Pois bem. Mas convenhamos. Parece exagerado dispender tanto tempo em torno de uma única palavra. Para quem de uns tempos pra cá tem andado desanimado com muita coisa, poesia inclusive, girar em torno de um verso de Virgílio ou de uma única palavra de Safo não parece tão ruim. É. Só que a pergunta continua: estamos diante de apenas uma palavra, especificamente, graças ao contexto da citação de Máximo de Tiro, de um adjetivo. A obra de Safo nos chegou aos frangalhos, e quem puder dar pelo menos uma folheada nela vai começar sentindo um incômodo e depois, a crer por algumas avaliações feitas, uma pesada sensação de que foi enganado comprando um livro quase todo em branco. Dá apreciar algo assim?

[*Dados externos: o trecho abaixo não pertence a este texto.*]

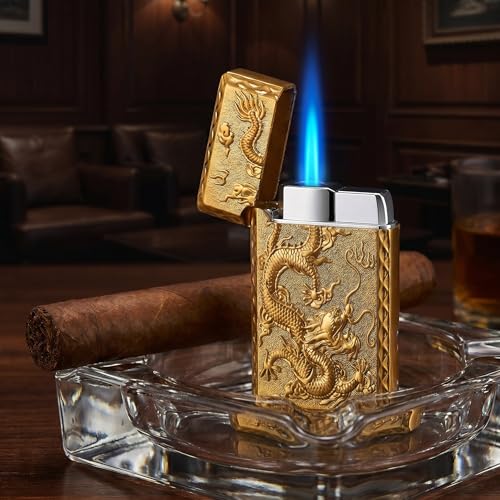 Encendedor a soplete Dragon Jet recargable bronce miniatura 7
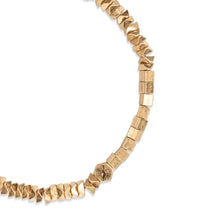 Load image into Gallery viewer, Mini Metal Stacking Bracelet, Geometric Beads- Gold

É possível que boa parte da resposta esteja num tipo de prazer arqueológico que só quem se mete a estudar alguma coisa de poesia antiga realmente sente. Falar, aliás, dos antigos parece muito divertido quando a imagem que se tem deles é a de um jardim suspenso ou, pior ainda, de um conjunto de pilastras imponentes e enfadonhas. Tanto uma postura quanto outra, bem se nota, facilmente propensas a adulterar a parcela de verdade que eventualmente trazem consigo numa maneira tosca de normativismo caduco que reduz a leitura dos antigos a uma espécie de peregrinação piegas, onde quem não é capaz de reverenciar a suposta genialidade de uma única palavra esparramada na página não é por tabela capaz de mais nada no reino das Artes.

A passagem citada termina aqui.